Don Fishman, MD, is medical director of Trauma Services at Overland Park Regional Medical Center (OPRMC)—part of HCA Midwest Health System, Kansas City’s largest healthcare network and private sector employer. Dr. Fishman, along with a team of emergency medical professionals, is on the frontlines every day caring for trauma patients in one of the area’s busiest hospitals. OPRMC is a Level II Regional Trauma Center and paramedics bring victims of car and motorcycle accidents and other trauma-related accidents to its emergency department’s doors 24/7.
And Dr. Fishman knows one of the most critical things many patients need immediately upon arriving at the emergency room: blood. Sometimes pints and pints of blood to save lives.
So Dr. Fishman considers it a natural to be on the frontlines of an annual event at OPRMC—the blood drive for the Community Blood Center. From 10 a.m. to 2 p.m. on Wednesday, Oct. 31 in Medical Plaza West, Suite 50 on the OPRMC campus, people are encouraged to come and roll up their sleeves for a very good cause. Dr. Fishman plans to be the first donor, assuming he isn’t in the OPRMC emergency department caring for a patient.
“As a physician, I want to set an example to the community on the importance of giving blood,” says Dr.
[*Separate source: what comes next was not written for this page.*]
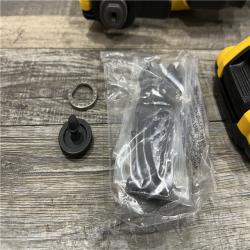 AS-IS DEWALT ATOMIC 20V MAX Cordless Brushless Oscillating Multi Tool Kit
Fishman. “I see firsthand the critical need for blood while treating trauma patients. I think of the people who are alive today—living right here in our community—because of the generosity of blood donors and because of the great work at the Community Blood Center.” OPRMC’s goal is to set a record of physician donors during the blood drive.
Other employees will put their best arm forward, too, on Oct. 31 for a good cause. Take Christine Hamele, a vice president at OPRMC. Hamele and her daughter, 14-year-old Abby Jo, will greet blood donors on Wednesday—and share their very poignant story about the significance of giving so others can live.
“Two days after delivering Abby Jo, my husband, Scott, came home to find me on the bathroom floor, massively hemorrhaging,” says Hamele. “I was rushed to a local hospital and required blood just to get me into the operating room so doctors could find the cause of the problem. My physician told me three days later, while I was recovering in the hospital, that I was one sick girl.”
Dr. Fishman, Hamele and other OPRMC employees including chief executive officer Damond Boatwright, who know the positive impact of blood donation stress that 30 minutes or an hour is a small price to pay for something that ultimately saves lives.
“Giving blood is giving life,” says Dr. Fishman. “And so easy to do.”